---- Information provided

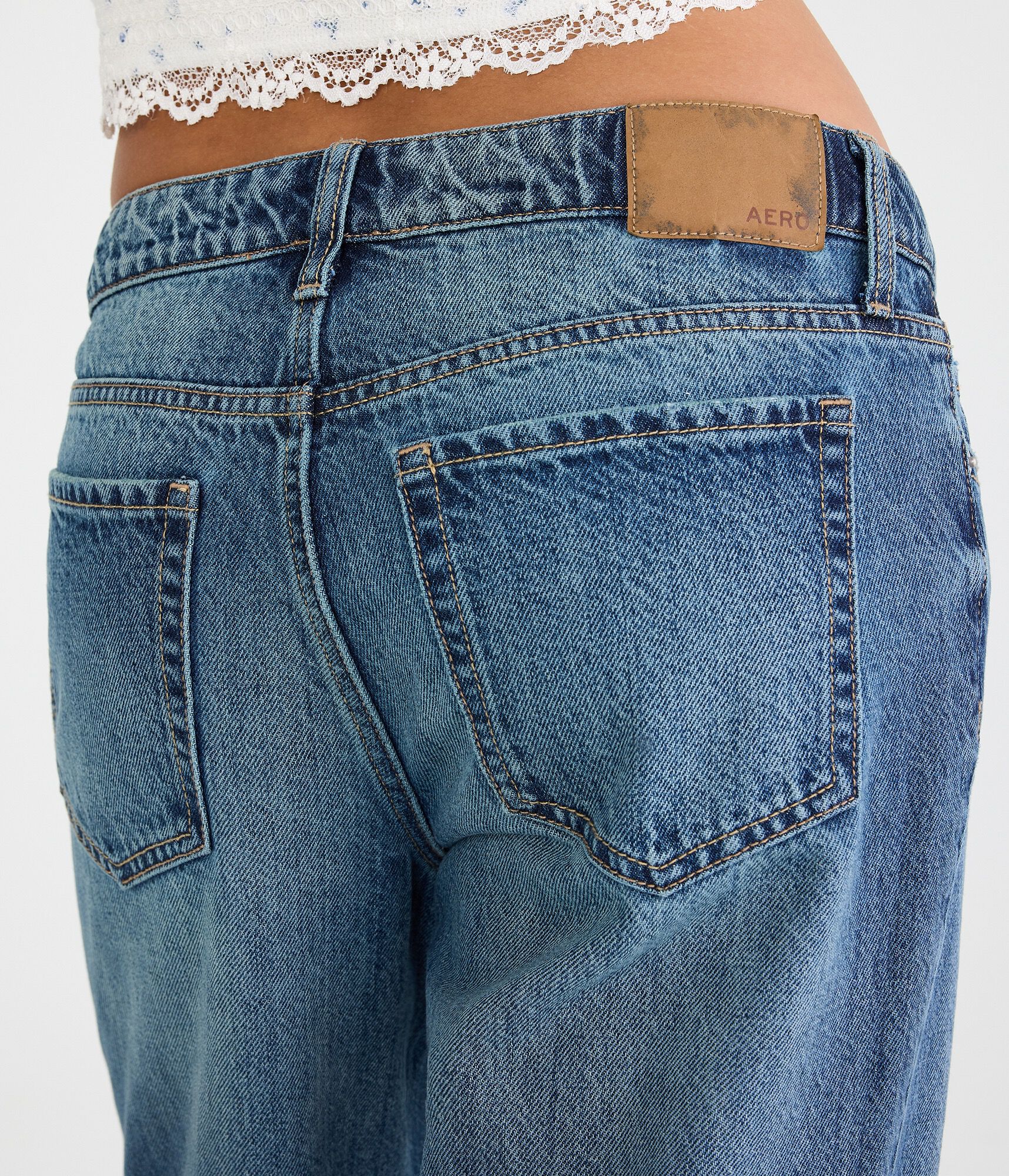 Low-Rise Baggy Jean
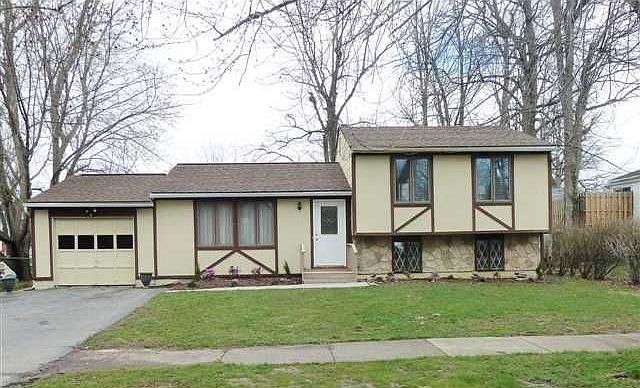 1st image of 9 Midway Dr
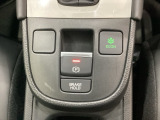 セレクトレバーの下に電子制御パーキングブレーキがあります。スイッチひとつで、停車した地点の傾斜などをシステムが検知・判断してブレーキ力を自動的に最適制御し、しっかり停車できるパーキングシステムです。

--------

Aim of the task -
Copy out the lines exactly as written, beginning with the one that contains "1st image of 9 Midway Dr" and ending with the last line of the material; do not include pictures.

Exercise response -
 1st image of 9 Midway Dr
 セレクトレバーの下に電子制御パーキングブレーキがあります。スイッチひとつで、停車した地点の傾斜などをシステムが検知・判断してブレーキ力を自動的に最適制御し、しっかり停車できるパーキングシステムです。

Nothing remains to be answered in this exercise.